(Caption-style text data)
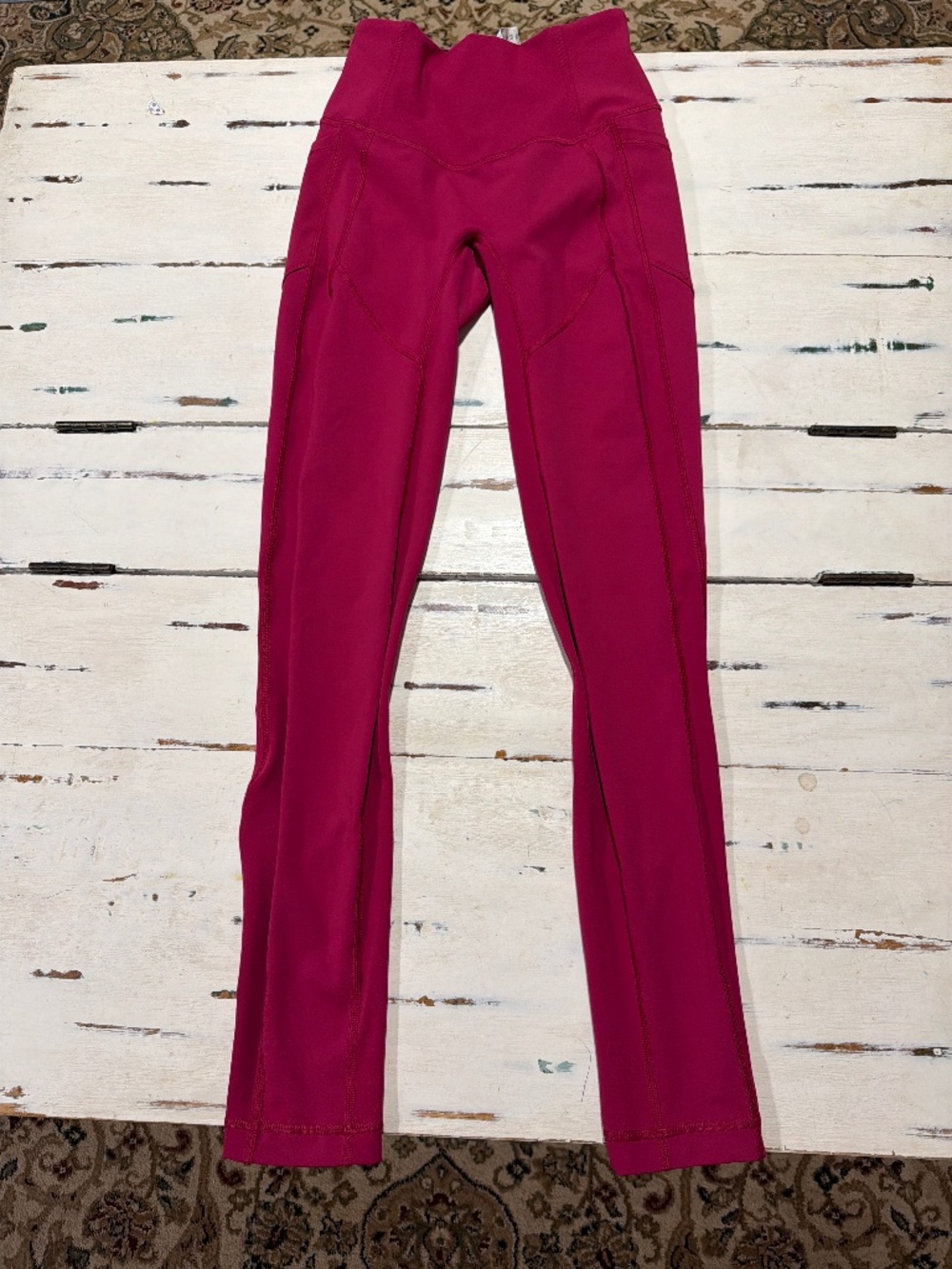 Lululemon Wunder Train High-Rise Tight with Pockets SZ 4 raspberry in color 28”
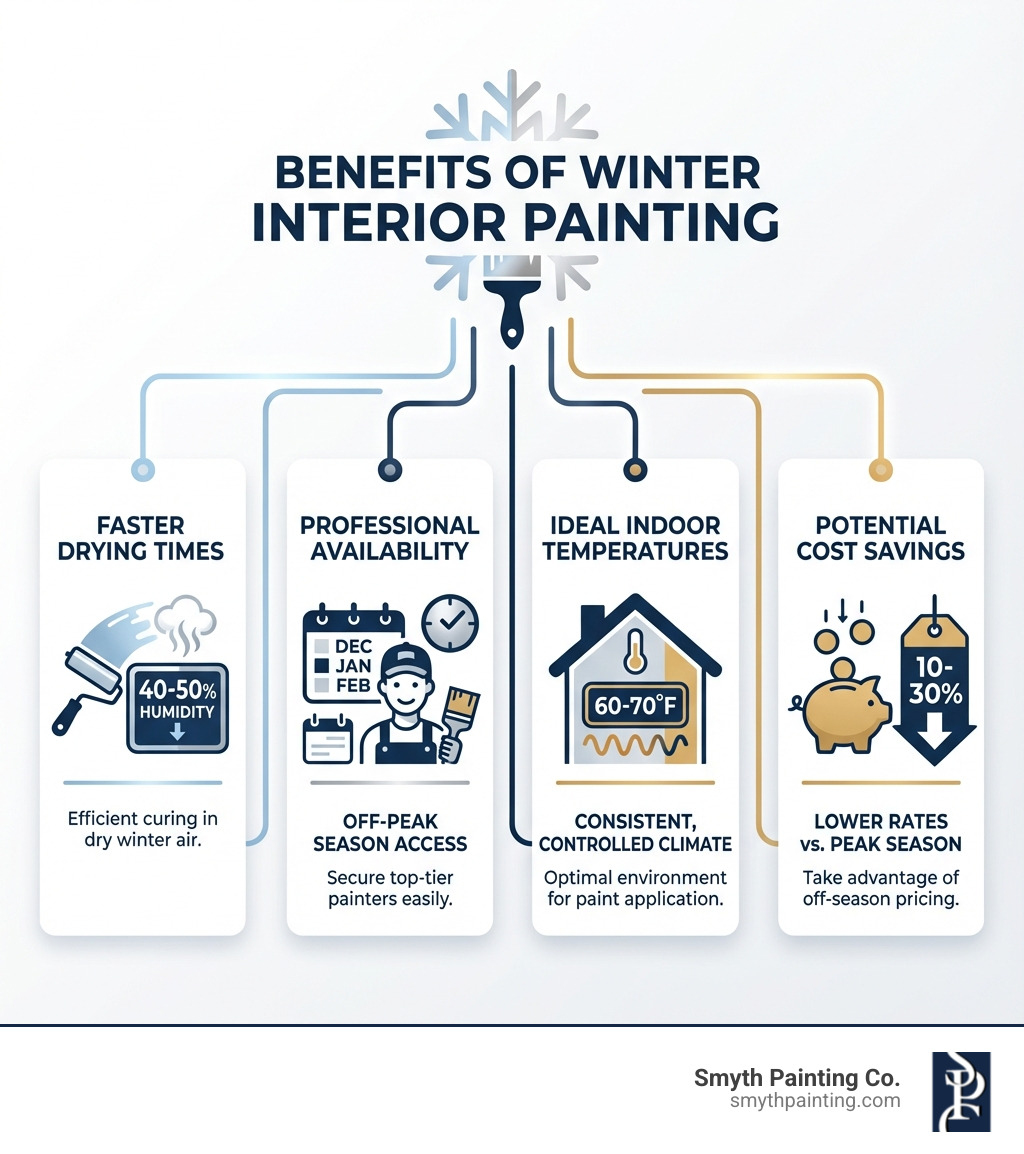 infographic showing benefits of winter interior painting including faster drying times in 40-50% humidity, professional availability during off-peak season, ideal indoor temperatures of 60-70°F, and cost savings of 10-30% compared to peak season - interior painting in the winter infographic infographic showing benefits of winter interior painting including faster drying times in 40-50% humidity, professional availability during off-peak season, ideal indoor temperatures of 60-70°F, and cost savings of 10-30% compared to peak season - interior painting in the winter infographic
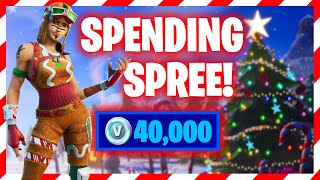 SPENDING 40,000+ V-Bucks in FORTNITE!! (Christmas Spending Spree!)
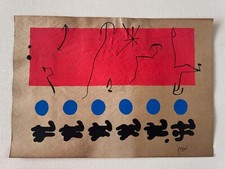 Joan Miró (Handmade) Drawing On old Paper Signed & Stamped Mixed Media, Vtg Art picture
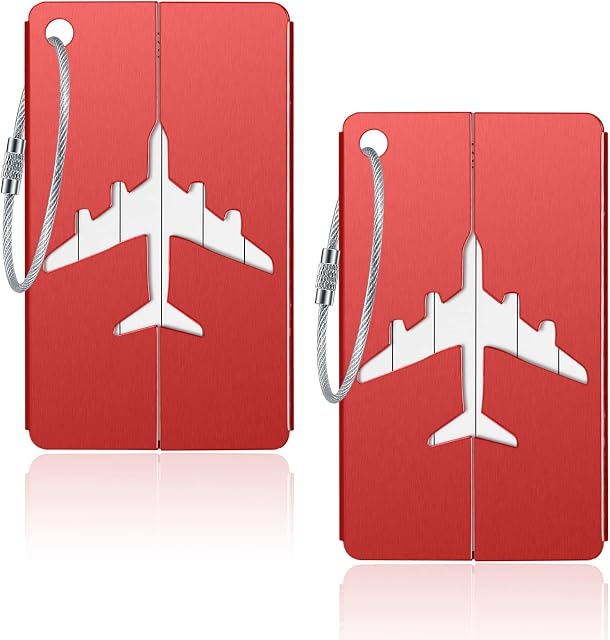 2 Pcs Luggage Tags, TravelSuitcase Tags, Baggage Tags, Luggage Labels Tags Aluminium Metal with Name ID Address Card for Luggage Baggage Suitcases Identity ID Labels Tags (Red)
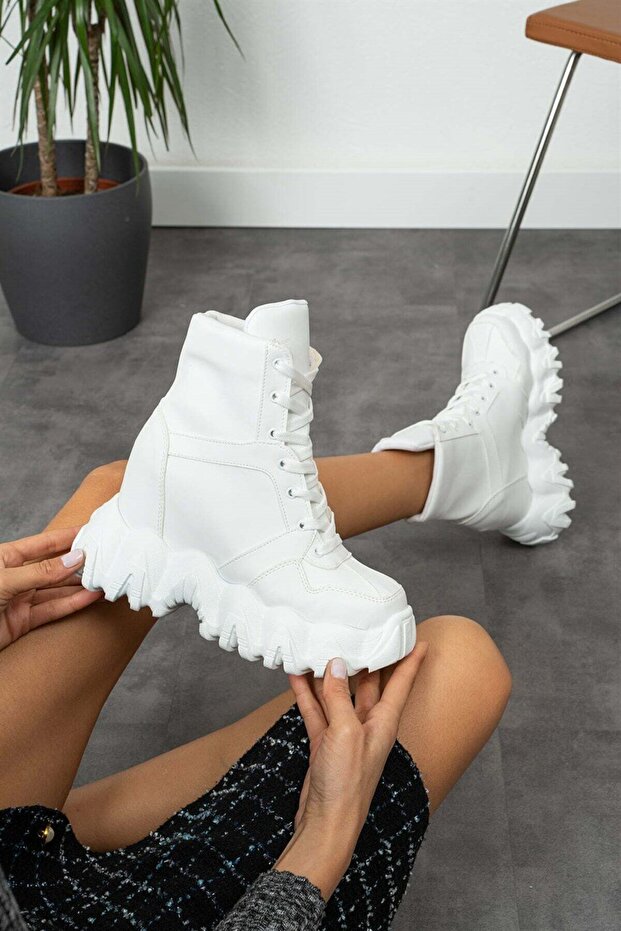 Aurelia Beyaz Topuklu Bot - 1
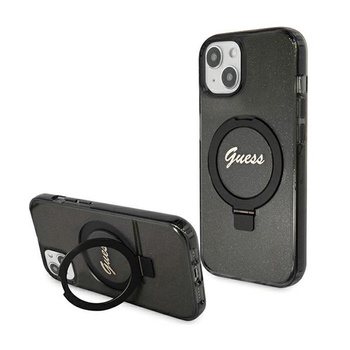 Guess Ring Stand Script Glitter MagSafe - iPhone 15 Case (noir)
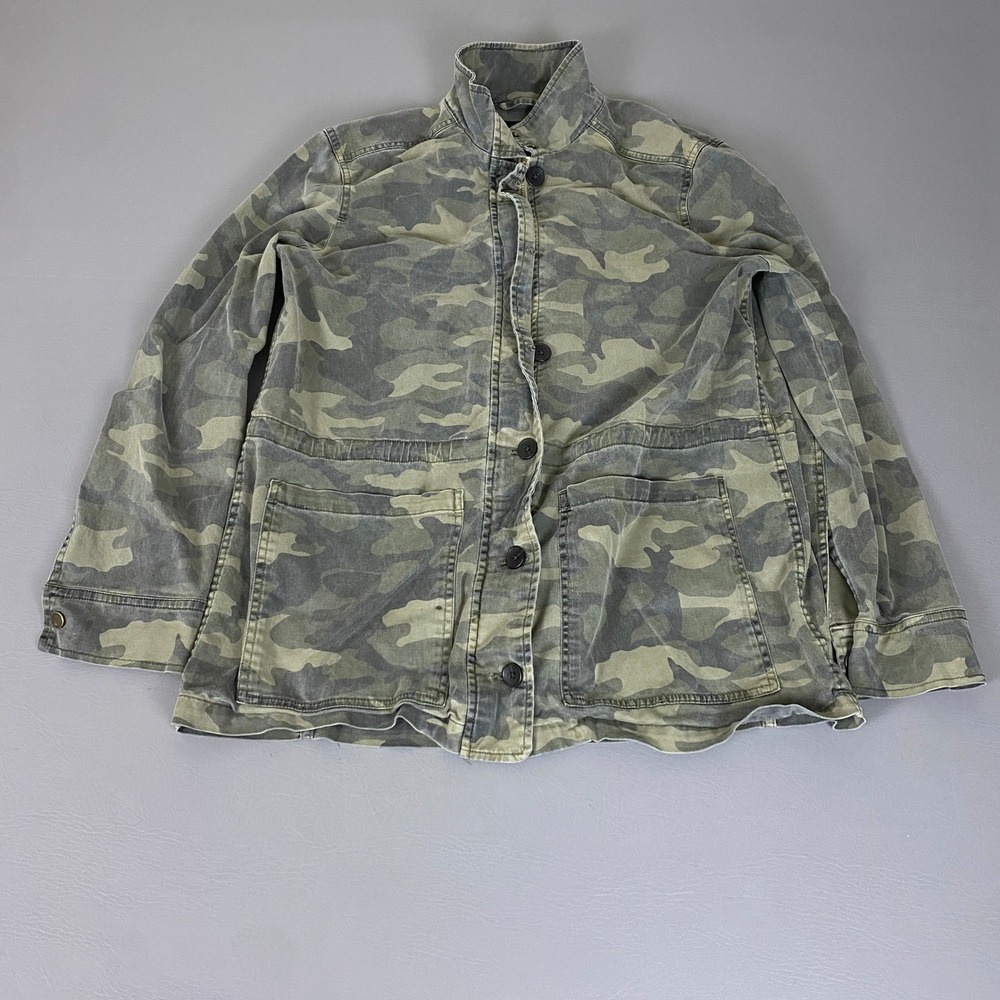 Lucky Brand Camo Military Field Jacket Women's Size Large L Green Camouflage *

▸ WORK ITEM
The answer must be an exact copy of the lines from the one that holds "2 Pcs Luggage" through the end of the data, both included, with no pictures.

▸ ANSWER BOX
 2 Pcs Luggage Tags, TravelSuitcase Tags, Baggage Tags, Luggage Labels Tags Aluminium Metal with Name ID Address Card for Luggage Baggage Suitcases Identity ID Labels Tags (Red)
 Aurelia Beyaz Topuklu Bot - 1
 Guess Ring Stand Script Glitter MagSafe - iPhone 15 Case (noir)
 Lucky Brand Camo Military Field Jacket Women's Size Large L Green Camouflage *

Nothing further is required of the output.